# A-Plan



## R32 Combat (Jan 29, 2004)

R32 GTR
Totally STD
Garaged
Cat 1 alarm
RAC trackstar
5000 miles anually

30year old male
Married
Gov worker
SP30(3 points)

Fully comp
£500 excess
Unlimited windscreen cover
Car valued @ £8000


£595

Bargain


----------



## Philip (Jan 17, 2002)

R32 Combat said:


> Totally STD


You sure about that  

Phil


----------



## R32 Combat (Jan 29, 2004)

Ah, this is my number 2

The 'beast' was considerably more..


----------



## davewilkins (Jun 30, 2001)

...and you get discount for insuring your other cars with them.
Mondeo is with them now so I am looking forward to getting a quote off them for the skyline


----------



## R32 Combat (Jan 29, 2004)

Indeed Dave, my PUG was cheap.

With Keith Micheals, I managed full NCB on 2 policys. A-Plan won't do this but their cheap rates make up for this.


----------



## tim b (Jan 5, 2004)

R32 Combat said:


> Ah, this is my number 2
> 
> The 'beast' was considerably more..


Out of interest, roughly how much more was it for an R32 with all the mods, compared to a standard one ?, (if that's not too much of a personal question, please don't answer if you don't wanna).

Less than £1500, more than £1500 ?

(Notice how I resisted mentioning the 'beast'   )


----------



## R32 Combat (Jan 29, 2004)

My 'beast' was £1050 all declared fully comp, bells and whistles insurance.
Bearing in mind, I was 29 when I took out the policy. I'd hope for a reduction for now being over 30.


----------



## tim b (Jan 5, 2004)

Thanks for the accurate answer, that's surprisingly good.

Did you have to reel out a whole long list of everything that's been done, right down to the injectors, plugs, coil packs etc to the poor woman on the phone, or are they not interested in all that particularly?

I remember with my old Beemer they even wanted to know the make of the wheel spacers.  I had to fill it all out on paper, this questionnaire thing on about eight sheets of A4.  

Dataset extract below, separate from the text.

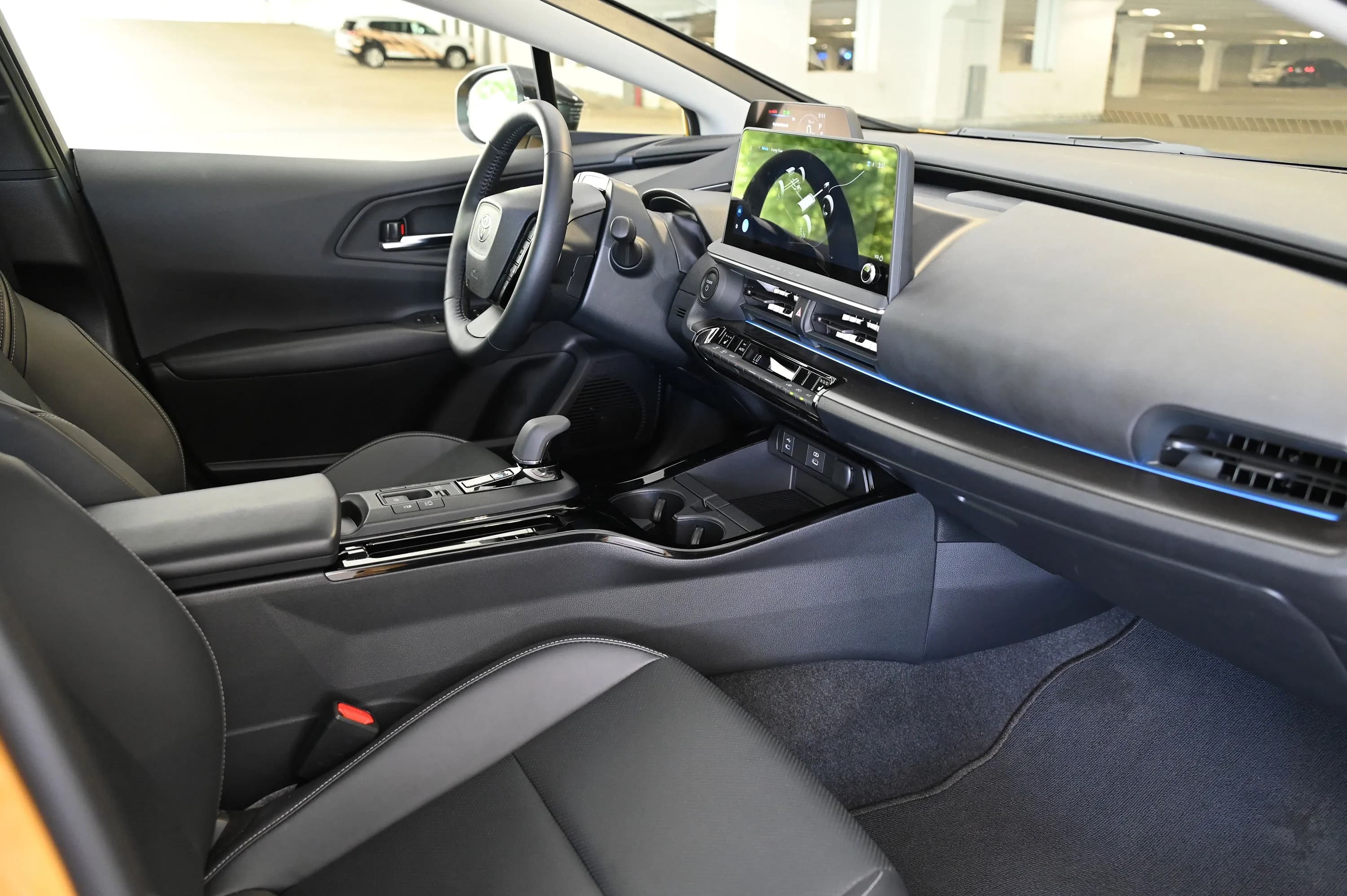 Front passenger view of the Toyota Prius cabin with the dashboard, center console, and wireless charging pad.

Now I'm getting on a bit I'm finding the benefits of being old, (well, 27), as insurance companies don't laugh and hang up when you mention the word 'Skyline'.


----------



## R32 Combat (Jan 29, 2004)

The 2 main things you can't do are

Fit a roll cage

Increase the engine size.

All the other mods don't matter.



When the RB30 goes in, it might be a different story.


----------



## davewilkins (Jun 30, 2001)

R32 Combat said:


> The 2 main things you can't do are
> 
> Fit a roll cage


Shame.

Time for competition car insurance then 
No bothered what mods are on the car!


----------



## GTR-Zilla (May 17, 2005)

just dont declare the hike in capacity

if you stack your car do you really think the insurers will split the engine open and measure the bore and stroke???


----------



## roguejackal (Jul 10, 2004)

just got a quote today from A-plan 

91 GTR32, full no claims age 39 , only mod declared HKS air induction, 6000 miles or less, fully comp with value of £10000 and protected no claims discount.

they came back with £598 but insisted that the value of a 91 GTR32 is £6000, which I then replied you cant buy a decent one for that, never had this problem last year any one else?


----------